Similarly, she refused to engage with Tapper’s question about raising middle-class taxes in order to pay for single-payer health care. Instead, she talked about health care costs in total, making the case that while taxes would go up, primarily for the wealthiest Americans, out-of-pocket costs at time of service would be eliminated.
Finally, she then put a human face on the debate. She told the story of Ady Barkan, an activist with ALS who has become a central figure in the fight for Medicare-for-all:
I want to have a chance to tell the story about my friend Ady. He is 35 years old. He has a wife, Rachel, and a cute little boy named Carl. He also has ALS, and it’s killing him, and he has health insurance, good health insurance ... this is somebody who has health insurance and is dying. Every month he has about $9,000 in medical bills that his insurance company won’t cover. His wife, Rachel, is on the phone for hours and hours and hours begging the insurance company please cover what the doctors say he needs.
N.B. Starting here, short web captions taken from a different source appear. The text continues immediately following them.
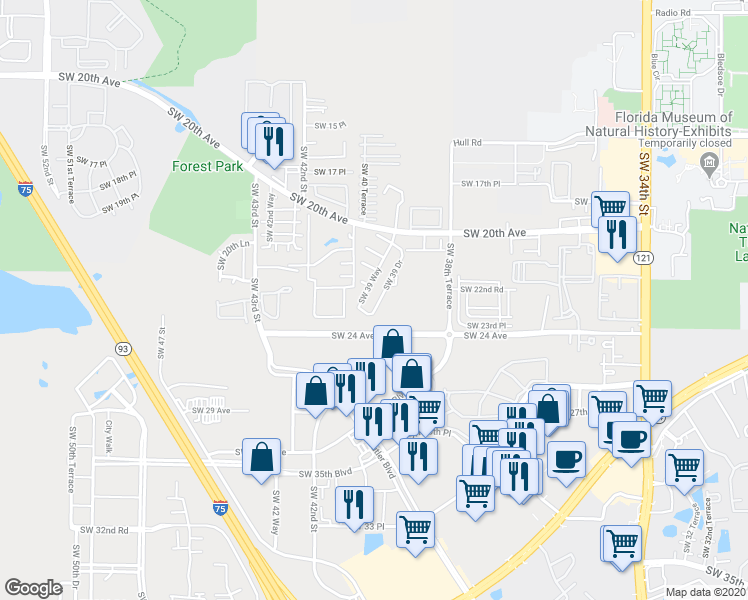 map of restaurants, bars, coffee shops, grocery stores, and more near 2318 Southwest 39 Drive in Gainesville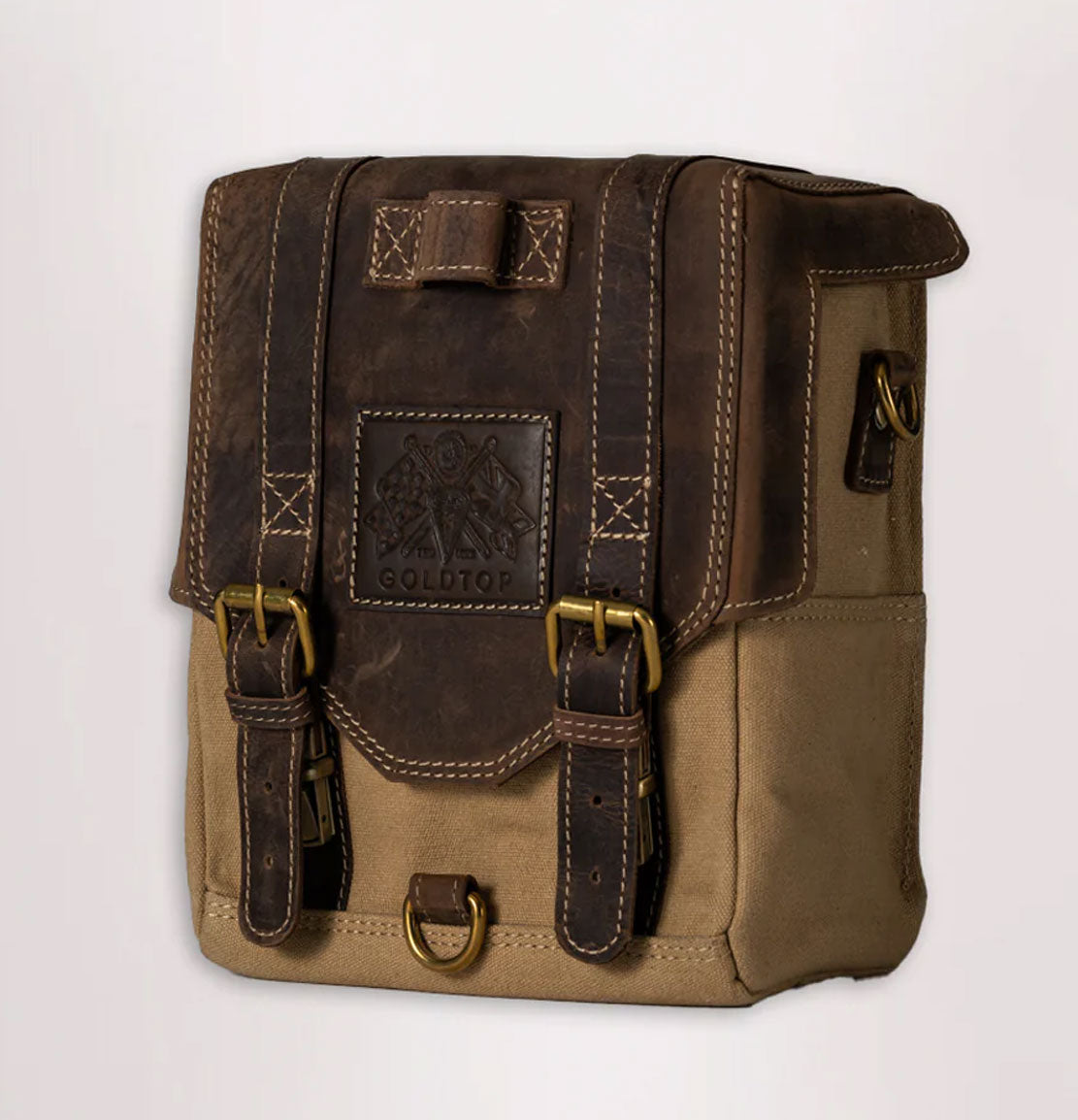 バイソンレザーTATANKAショルダーバッグ Canvas & Leather Tank Bag - Large - Sahara & Tobacco - Idle Torque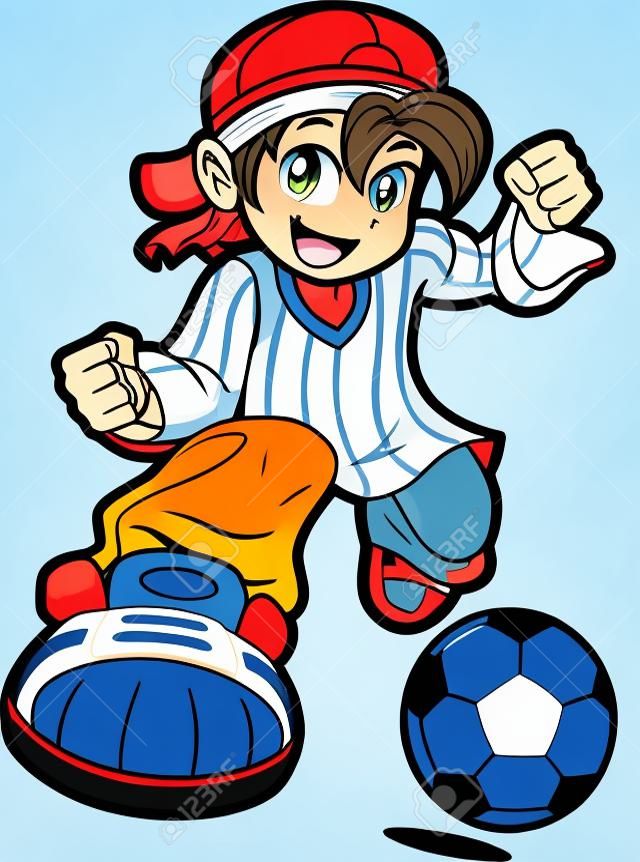 애니메이션 만화 만화 스타일에서 행복 한 젊은 남자가 소년 축구 선수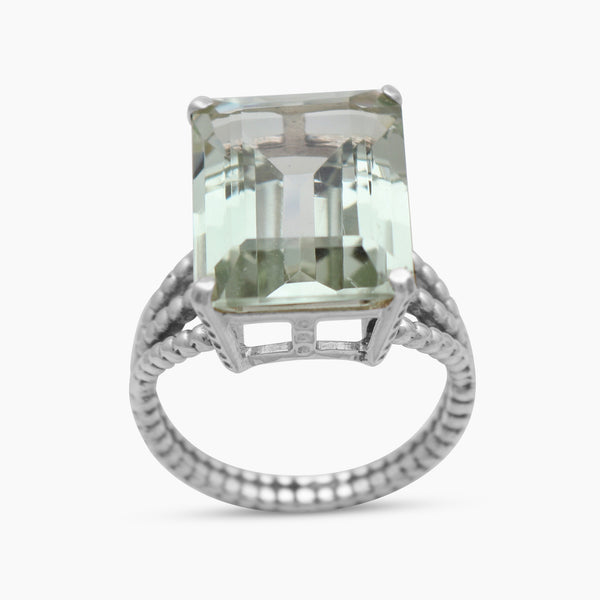 Octagon Cut Green Amethyst Silver Rings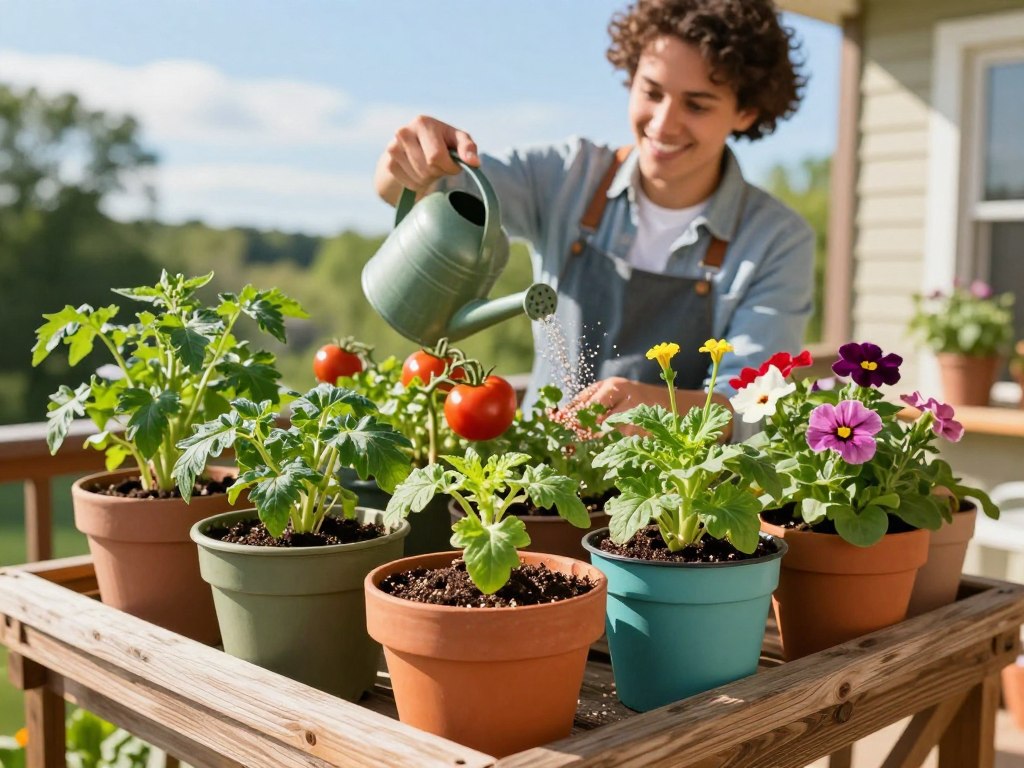 A well-arranged container garden featuring vibrant, healthy plants like tomatoes, herbs, and vibrant flowers, situated on a rustic wooden balcony. In the foreground, focus on a close-up of colorful pots filled with soil and plants, some with granular fertilizer sprinkled on top, highlighting the importance of fertilization. In the middle, showcase a gardener in casual attire, gently watering the plants using a watering can, with a cheerful expression reflecting care and dedication. The background captures a sunny day with a blue sky, soft natural light illuminating the scene, and lush greenery providing a refreshing atmosphere. The overall mood is uplifting and inviting, perfect for beginners interested in nurturing their own container garden. A well-arranged container garden featuring vibrant, healthy plants like tomatoes, herbs, and vibrant flowers, situated on a rustic wooden balcony. In the foreground, focus on a close-up of colorful pots filled with soil and plants, some with granular fertilizer sprinkled on top, highlighting the importance of fertilization. In the middle, showcase a gardener in casual attire, gently watering the plants using a watering can, with a cheerful expression reflecting care and dedication. The background captures a sunny day with a blue sky, soft natural light illuminating the scene, and lush greenery providing a refreshing atmosphere. The overall mood is uplifting and inviting, perfect for beginners interested in nurturing their own container garden.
He talks about what it’s like to go online with thousands of other people to beg friends, family, and strangers for money so he can cover his medical expenses. The basic profit model of an insurance company is taking as much money as you can in premiums and pay out as little as possible in health care coverage.
Warren herself wasn’t shying away from the attacks.
“I don’t understand why anybody goes to all the trouble of running for president of the United States to talk about what we really can’t do and shouldn’t fight for,” she said at one point, in a remark directed at Delaney. “I don’t get it.”
In all, Warren and Sanders were a team Tuesday night. But between the two of them, they showed voters two very different styles of defending a bold progressive agenda.